━━━ Given material ━━━
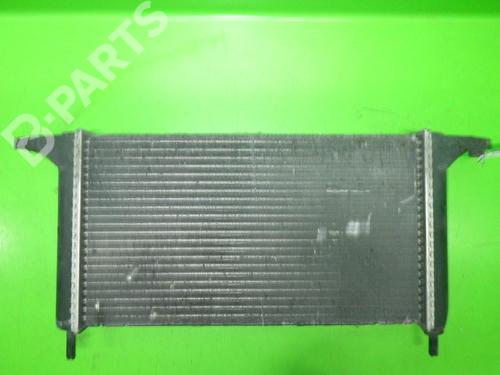 Used Water radiator FORD SCORPIO I (GAE, GGE) 2.0 (105 hp) 6340895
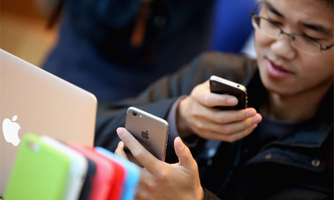 Dịch vụ iCloud của Apple bị tấn công ở Trung Quốc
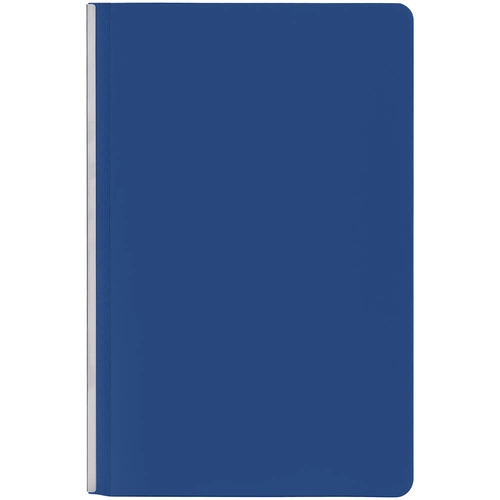 Ежедневник Aspect на заказ, недатированный, синий Ежедневник Aspect на заказ, недатированный, синий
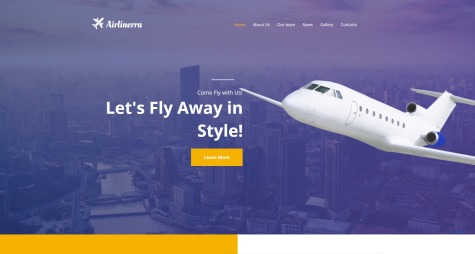 Airlinerra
━━━
#### Description of the task
Each line from the one containing "Ежедневник Aspect на заказ, недатированный, синий Ежедневник" to the final line of the data must be printed exactly, both included, with nothing else and no pictures.

#### Result of the exercise
 Ежедневник Aspect на заказ, недатированный, синий Ежедневник Aspect на заказ, недатированный, синий
 Airlinerra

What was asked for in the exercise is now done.